6. Gifting and loaning excess assets to family members.

Using a gift and loan strategy, one can potentially preserve a significant portion of his or her nest egg and expedite his or her eligibility for nursing home (chronic care) Medicaid assistance.

Under the current Medicaid rules, any Medicaid penalty period will not begin to run until (a) the Medicaid applicant’s countable assets are at or below the eligibility threshold, (b) Medicaid applicant is residing in the nursing home and (c) a Medicaid application is filed.

The goal of this strategy is to get the Medicaid penalty period running as quickly as possible. To effectively implement this strategy, all of the excess assets will either be gifted or loaned to family members and then a Medicaid application has to be filed as soon as possible following the gift and loan of the excess assets.

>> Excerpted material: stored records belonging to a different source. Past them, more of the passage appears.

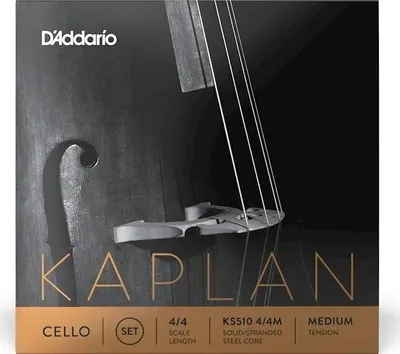 Obrázok produktu pre D'Addario KS510 4/4M, Violončelo, Oceľ, Klasická, 4 kusov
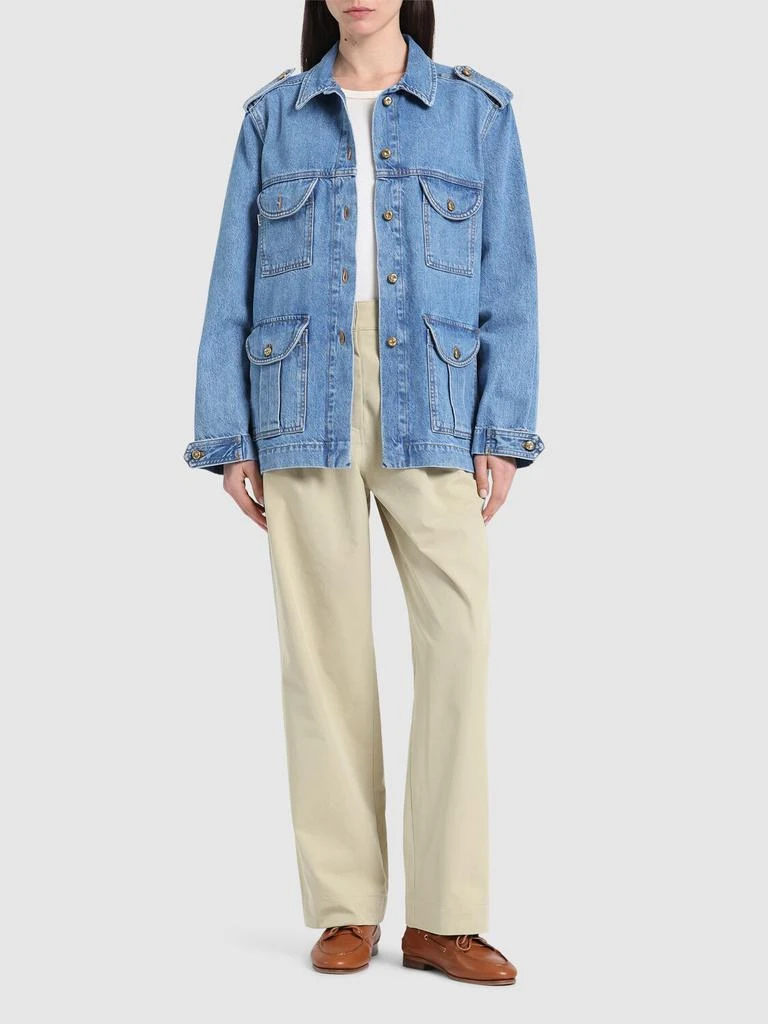 BLAZÉ MILANO Nariida Maya Sahariana Denim Jacket 1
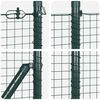 vidaXL Fence Post Green 32.81 x 1.31 ft (0.98 x 0.98 in mesh)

Any delay in filing the Medicaid application after the excess assets have been gifted and/or loaned will diminish the effectiveness of the strategy.

The funds gifted to family members will trigger a Medicaid penalty/ineligibility period while the funds loaned to family members will be used to cover the nursing home expenses during the Medicaid penalty/ineligibility period.

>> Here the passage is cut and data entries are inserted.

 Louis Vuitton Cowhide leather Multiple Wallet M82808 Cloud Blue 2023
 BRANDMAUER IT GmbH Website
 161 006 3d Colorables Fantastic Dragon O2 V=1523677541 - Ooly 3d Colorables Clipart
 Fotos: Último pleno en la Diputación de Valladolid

If, for example, a single person went into a nursing home with $160,000 of excess assets and is spending $10,000 per month on his or her nursing home care and the applicable Medicaid regional rate used to compute the Medicaid penalty period is $10,000, he or she could gift $80,000 of excess assets and loan the remaining $80,000 of excess assets to his family members and qualify for nursing home (chronic care) Medicaid assistance in 8 months [or $80,000 (gift amount) divided by $10,000 (Medicaid regional rate)]. To get the 8-month Medicaid penalty/ineligibility period running as quickly as possible and preserve all of the gifted assets, the Medicaid application should be filed in the same month as the gift and loan is made. The reason why this strategy works is because the loan is not considered an asset of the lender, but rather an income stream to the lender.

It is important that the loan comply with the Medicaid rules so that it is not considered a gift. For the loan to be Medicaid-compliant, the loan must be:

  • actuarially sound; loan term cannot exceed the life expectancy of lender;
  • immediately payable with level monthly payments and no balloon payments; and
  • prohibit cancellation of balance remaining at lender’s death.


Medicaid planning is a complicated process, but options are usually available to protect some of a loved one’s assets with the help of an experienced elder law attorney. This article should not be relied upon as legal advice without first discussing your or your loved one’s particular situation with an attorney who practices in the area of elder law.